Les scientifiques travaillent désormais sur :
- des plantes résistantes à la sécheresse ;
- des variétés plus productives ;
- des cultures moins gourmandes en pesticides ;
- des plantes adaptées au changement climatique ;
- les technologies d’édition génétique comme CRISPR-Cas9.
Ces nouvelles techniques permettent de modifier certains caractères sans forcément introduire de gènes étrangers dans l’organisme.
Les craintes d’hier sont-elles toujours valables ?
Une partie des inquiétudes formulées au début des années 2000 demeure d’actualité.
La concentration du marché mondial des semences entre quelques grands groupes agrochimiques continue d’alimenter les débats sur :
- la souveraineté alimentaire ;
- la dépendance économique des agriculteurs ;
- la protection de la biodiversité cultivée ;
- l’accès aux ressources génétiques.
Cependant, les scénarios catastrophes imaginant des cultures rendues volontairement inutilisables à distance ou des pays entiers pris en otage par des graines « désactivées » ne se sont pas matérialisés.
Les réglementations internationales et les procédures d’évaluation sont aujourd’hui beaucoup plus strictes qu’au début des années 2000.
Et les applications chez l’Homme ?
L’idée qu’une technologie similaire puisse être utilisée sur l’être humain relève aujourd’hui davantage de la science-fiction que de la réalité scientifique.
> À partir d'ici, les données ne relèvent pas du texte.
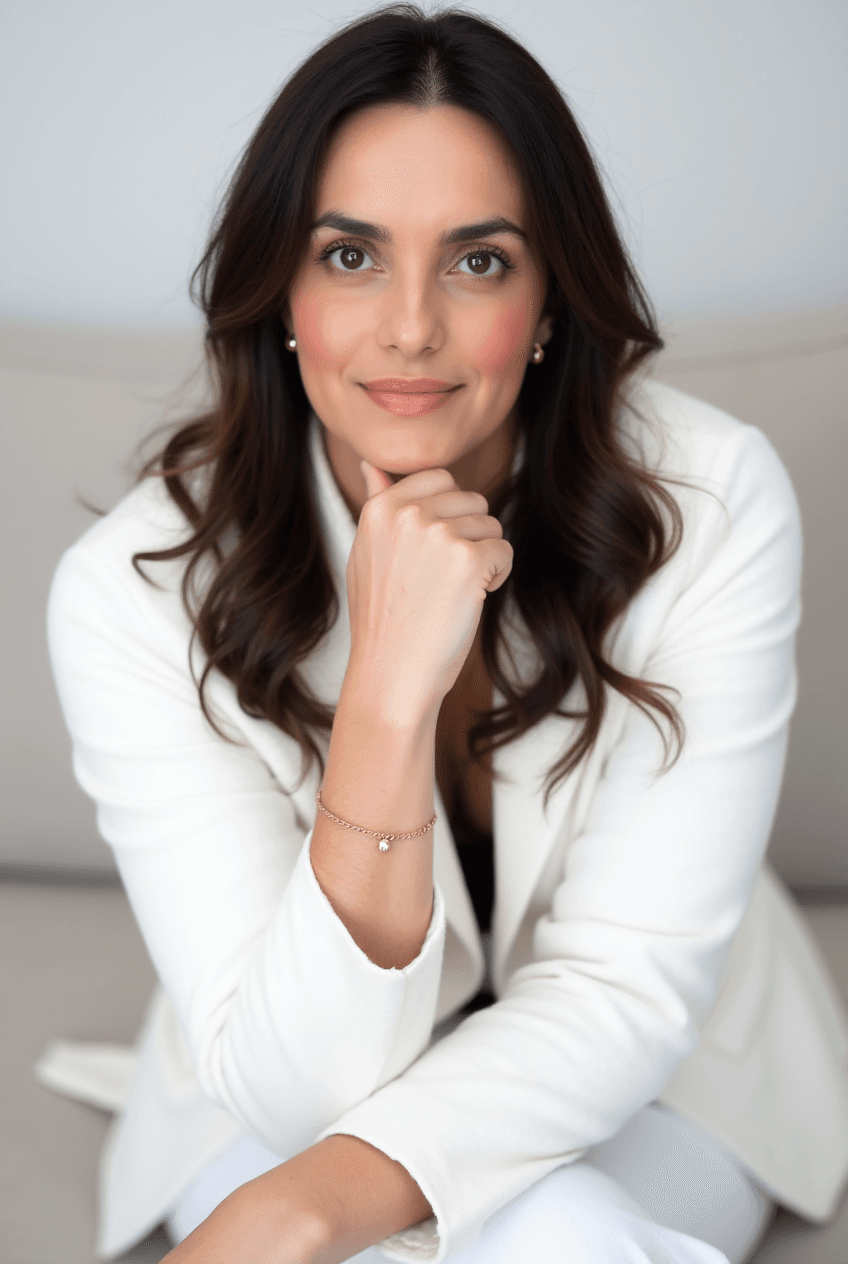 Priscila Kunenn — Arquiteta e Designer de Interiores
Les techniques de modification génétique humaines sont strictement encadrées dans la plupart des pays.
Les débats actuels concernent surtout :
- la thérapie génique ;
- le traitement de maladies héréditaires ;
- les questions éthiques liées à l’édition du génome.
Les conventions internationales interdisent par ailleurs les armes biologiques et les recherches visant à développer des agents pathogènes destinés à cibler des populations humaines.
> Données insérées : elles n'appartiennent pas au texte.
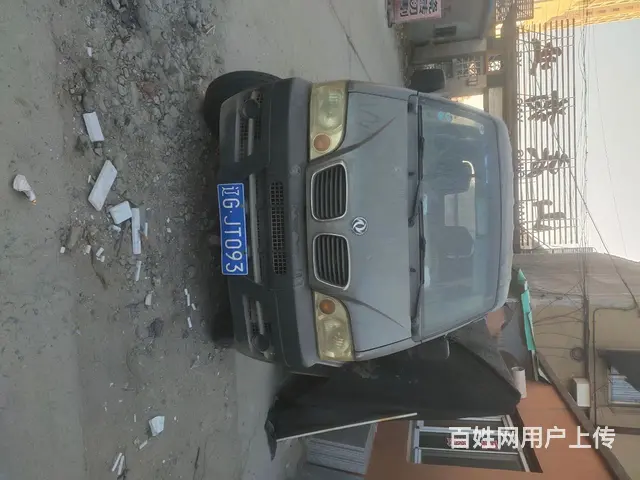 东风小康 小康C系列 平板车 国3 - 图片 2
Le cas des insectes génétiquement modifiés
Depuis les années 2000, plusieurs programmes ont effectivement utilisé des insectes génétiquement modifiés pour lutter contre certains ravageurs agricoles ou contre des moustiques vecteurs de maladies.
Le principe consiste souvent à introduire des mâles porteurs d’un gène provoquant la mort ou la stérilité de leur descendance.
Ces méthodes ont été testées notamment contre :
- certains moustiques transmettant la dengue ;
- des insectes ravageurs des cultures ;
- des parasites agricoles difficiles à contrôler.
Chaque projet fait cependant l’objet d’évaluations environnementales approfondies afin de mesurer les risques potentiels pour les écosystèmes.
Entre vigilance et progrès scientifique
Vingt-cinq ans après les premières polémiques, la technologie Terminator reste un symbole des interrogations que soulèvent les biotechnologies modernes.
Si certaines craintes exprimées à l’époque se sont révélées excessives, les questions de contrôle des ressources alimentaires, de biodiversité et de gouvernance des innovations génétiques demeurent plus que jamais d’actualité.
L’enjeu n’est plus seulement de savoir ce que la science est capable de faire, mais également de déterminer collectivement ce qu’elle doit ou ne doit pas faire.
L’histoire de Terminator rappelle qu’en matière de biotechnologies, la vigilance, la transparence et le débat démocratique restent indispensables.